4. Annotate the highlights. The spatial context the map provides will help your reader understand the story in your text. The most salient points of the map are probably obvious to you (see how the azimuth of fracturing changes so abruptly!) — help your reader get excited about them too. But don’t go overboard: if everything is highlighted, nothing is highlighted.
5. Show the database. It’s almost always a good idea to show the data that the map was generated from — wells, seismic lines, outcrops, and so on. This tells the reader which parts of the map are constrained by data, and which are interpolated by algorithms or concepts. You can show this information on a different visual ‘plane’ by using a semi-transparent grey layer.
6. Name the projection. If your map is a projection (that is, flat), then you must give the type of projection and the coordinate system you are using. Any time you publish or share spatial data, you must give the datum, even for geographic coordinates like latitudes and longitudes. Your data are useless without this information (see Location, location, location).
7. Learn more about colour. The biggest trap people fall into is using an overly colourful palette for their data, such as the classic rainbow colour scale. Such scales make the map hard to interpret, are hard for colour blind people to use, and leave very few colours for symbols and other annotation. There are plenty of better alternatives — read up on advice about colour, for example on the Rob Simmon’s Elegant Figures blog (ageo.co/18hYVY2) or Matteo Nicolli’s My Carta blog (mycarta.wordpress.com).
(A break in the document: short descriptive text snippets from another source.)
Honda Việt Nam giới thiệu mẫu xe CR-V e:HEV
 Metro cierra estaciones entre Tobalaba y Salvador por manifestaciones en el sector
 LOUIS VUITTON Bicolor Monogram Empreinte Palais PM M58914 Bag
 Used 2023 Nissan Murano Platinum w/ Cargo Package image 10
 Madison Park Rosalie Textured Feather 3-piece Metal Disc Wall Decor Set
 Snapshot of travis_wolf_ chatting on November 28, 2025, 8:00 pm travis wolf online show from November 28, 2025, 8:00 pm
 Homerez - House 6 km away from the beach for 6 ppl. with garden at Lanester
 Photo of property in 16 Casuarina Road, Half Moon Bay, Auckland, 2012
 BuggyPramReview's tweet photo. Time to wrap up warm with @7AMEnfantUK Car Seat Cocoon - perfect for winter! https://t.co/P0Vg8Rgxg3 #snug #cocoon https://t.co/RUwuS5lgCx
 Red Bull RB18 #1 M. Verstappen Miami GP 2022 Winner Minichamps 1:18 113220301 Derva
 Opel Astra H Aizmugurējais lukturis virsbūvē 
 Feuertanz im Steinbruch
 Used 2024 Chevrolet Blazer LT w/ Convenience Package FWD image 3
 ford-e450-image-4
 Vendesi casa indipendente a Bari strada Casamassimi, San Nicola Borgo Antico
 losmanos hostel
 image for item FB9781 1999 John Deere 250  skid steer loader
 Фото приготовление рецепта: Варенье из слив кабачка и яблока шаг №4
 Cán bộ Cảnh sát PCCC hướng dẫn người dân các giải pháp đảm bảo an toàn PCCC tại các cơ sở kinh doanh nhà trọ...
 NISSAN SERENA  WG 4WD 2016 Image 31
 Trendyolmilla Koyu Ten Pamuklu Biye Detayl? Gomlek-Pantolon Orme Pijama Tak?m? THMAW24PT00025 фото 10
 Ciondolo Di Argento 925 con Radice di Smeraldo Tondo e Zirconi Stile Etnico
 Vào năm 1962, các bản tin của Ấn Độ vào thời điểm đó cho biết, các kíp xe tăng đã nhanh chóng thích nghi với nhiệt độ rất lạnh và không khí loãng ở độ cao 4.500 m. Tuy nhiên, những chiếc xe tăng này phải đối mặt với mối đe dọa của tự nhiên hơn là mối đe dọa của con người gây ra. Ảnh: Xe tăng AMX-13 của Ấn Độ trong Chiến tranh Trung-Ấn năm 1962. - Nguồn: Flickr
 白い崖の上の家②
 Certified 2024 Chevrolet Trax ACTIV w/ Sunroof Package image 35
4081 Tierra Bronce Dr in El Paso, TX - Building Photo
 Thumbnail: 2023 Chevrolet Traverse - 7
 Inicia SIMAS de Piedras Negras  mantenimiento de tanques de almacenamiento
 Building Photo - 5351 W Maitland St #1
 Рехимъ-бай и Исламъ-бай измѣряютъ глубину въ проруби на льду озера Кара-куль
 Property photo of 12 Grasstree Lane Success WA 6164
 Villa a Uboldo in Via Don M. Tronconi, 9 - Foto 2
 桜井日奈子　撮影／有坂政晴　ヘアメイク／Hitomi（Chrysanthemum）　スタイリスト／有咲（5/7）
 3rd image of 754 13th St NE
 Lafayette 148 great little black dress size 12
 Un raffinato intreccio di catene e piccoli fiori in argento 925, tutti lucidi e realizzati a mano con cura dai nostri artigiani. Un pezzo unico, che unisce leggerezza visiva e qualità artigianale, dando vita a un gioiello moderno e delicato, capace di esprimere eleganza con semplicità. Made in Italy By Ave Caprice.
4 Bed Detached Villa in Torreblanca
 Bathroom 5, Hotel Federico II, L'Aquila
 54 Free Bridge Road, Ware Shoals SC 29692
8. Present live data. Dropping screenshots into PowerPoint misses the point of working on computers. If the situation allows, you’ll make a better impression by showing your work live, so that it can be used as the powerful, flexible evidence it is. Your audience can ask questions, you can change scales any time, and you can interrogate your data live. (If the thought of this terrifies you, perhaps your story isn’t quite as convincing as you think?)
9. Appreciate good maps. Next time you’re reading a book or journal, notice which maps you find especially attractive or useful. Conversely, find your least favourite map, and list the things you don’t like about it.
10. Remember your reader. The point of your map is to inform, and to support your conclusions. Ask yourself — or better yet, ask other people — what they need to know from your map. Don’t clutter it with unnecessary details, and make certain the key data are clear and accurate. If the same map must serve two points, consider making the map twice, with different emphasis.
11. Be a good steward of your data. If your organization has a process for archiving map data, find out about it and use it. If they don’t, be consistent and rigorous, and encourage your colleagues to do the same. Shapefiles are the closest thing we have to a standard map format. When you publish, consider sharing your map data with others by attaching an open license and putting your files somewhere others can reach them — help make subsurface geoscience research more reproducible.
These tips are necessary but insufficient for producing great maps. Don’t forget you also need reliable data, sound geological modelling, and a clear idea of the evidence you wish to present. Those are the hard parts!